The storage of electricity helped create telegraphy, which, together with the invention of the steam engine, launched the industrial and telecommunication technology revolution in the West.
How was a former civil servant able to finance such an expedition? Walsh was the former secretary to Robert Clive, the conqueror of India for the British empire. Walsh was rewarded for his contribution to the British victory at the 1757 Battle of Plassey, and he returned to England with an estimated fortune of £147,000.
At the end of the 18th century, the difference in population and gross domestic product between the East and the West was amazing. According to the economic historian Angus Maddison, the population of western Europe in 1820 was only 133 million, whereas China had 381 million and India 209 million. The United States' population was only 10 million. At that time, China accounted for 32.9 per cent of world GDP, compared with 16 per cent for India, 23 per cent for Europe and 1.8 per cent for the US.
By 1950, when China and India became new republics, their numbers had declined respectively to 4.6 per cent and 4.2 per cent of world GDP, whereas the US accounted for 27.3 per cent and Western Europe 26.2 per cent.
The contrast could not have been greater in terms of knowledge and economic power. The Chinese imperial encyclopedia, commissioned by Emperor Kangxi in the 1600s, comprised all extant knowledge in China at that time and was made up of 10,000 volumes. But that knowledge was useless in the face of the West's superior scientific technology.
Why China did not build on its scientific achievements to compete with the West is a question that has puzzled many historians. The Sinologist Joseph Needham, who compiled the famous Cambridge Science and Civilisation of China, did not fully answer that question, today called the "Needham puzzle".
One historian who worked with Needham was Professor Ray Huang. In his book, China: A Macro History, he argued that despite the achievements of the three Qing emperors, they were, in governance terms, "anachronistic". They did not invent modern fiscal tools or monetary policy, and governance remained mathematically unmanageable. In short, China may have been large in size, but did not advance institutionally.
Simon Winchester, a biographer of Needham, argued that the sum of conclusions of Western historians on why China failed to hold on to its early advantage in science was that "China, basically, stopped trying". Western historians blame it on the state being too large, the lack of scientific curiosity of Confucian training, groupthink, or simply because the West achieved critical mass in terms of competing in scientific research.
Scientific innovation was central to the rise of the West, since the US and European states competed vigorously.
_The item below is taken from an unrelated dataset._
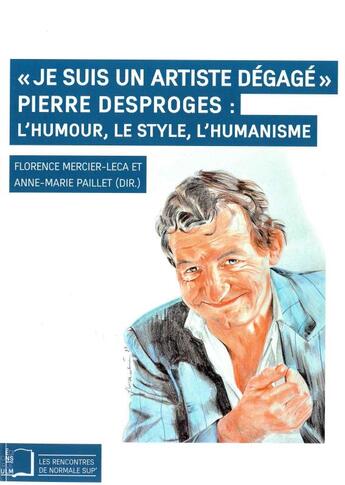 Couverture du livre « Je suis un artiste dégagé ; Pierre Desproges : l'humour, le style, l'humanisme » de Anne-Marie Paillet et Florence Mercier-Leca aux éditions Rue D'ulm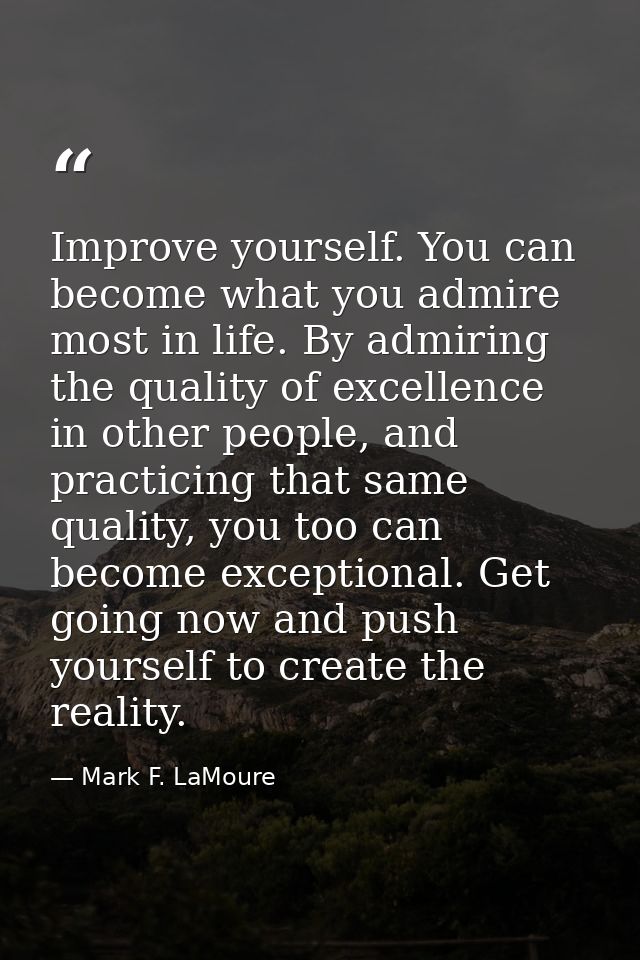 Improve yourself. You can become what you admire most in life. By admiring the quality of excellence in other people, an — Mark F. LaMoure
The incentives for imperialism were also driven by religion. But the reality was that the rise of the West was created by merchant/adventurers like Christopher Columbus and Clive who took huge risks and had little to lose.
The most interesting answer for the Needham puzzle is provided by the self-taught historian Qian Mu. He argued that the Chinese state became inward-looking because the Qing dynasty was essentially a colonial administration, with the Manchu government more concerned with maintaining domestic control over the Han masses, rather than any threat from external forces. The focus of attention of the Qing emperors was therefore on maintaining Manchu control of the military, the civil service and social stability, rather than any scientific and industrial revolution that may undermine their domination. The Qing dynasty took no risks and imploded.
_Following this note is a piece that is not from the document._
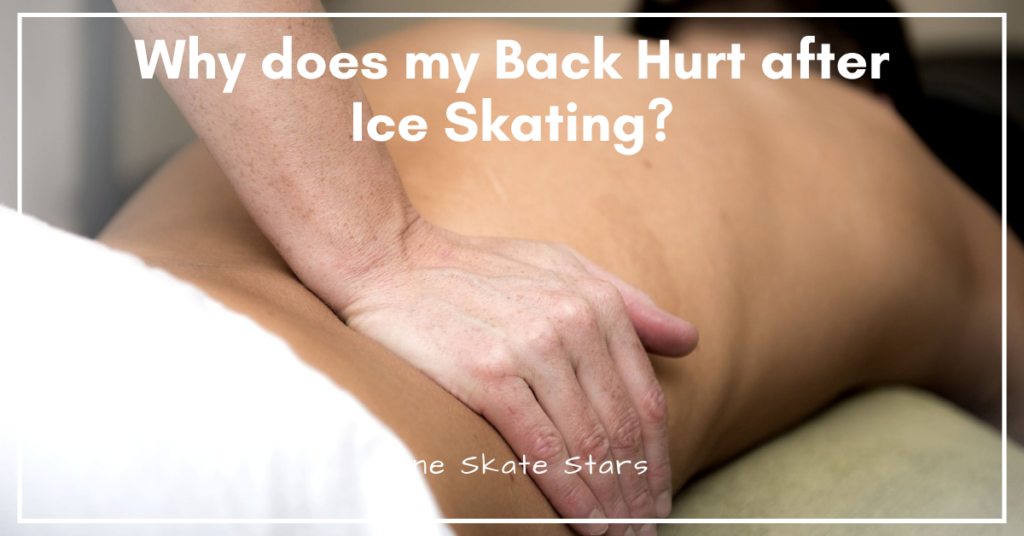 why does my back hurt after ice skating?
Technological innovation is clearly central to national economic policy today. The internet has transformed the game because knowledge has become widely available to all, but it is not clear which countries are able to exploit that knowledge. Today the commercialisation of knowledge enables small and medium-sized enterprises to play in global markets. Incubating scientific, technological and commercial innovators is clearly the next Great Game.
But can innovation be created by deliberate policy, or will it be spontaneous accidents of history, funded by former civil servant-scientists like John Walsh? That is the 64-trillion-dollar question.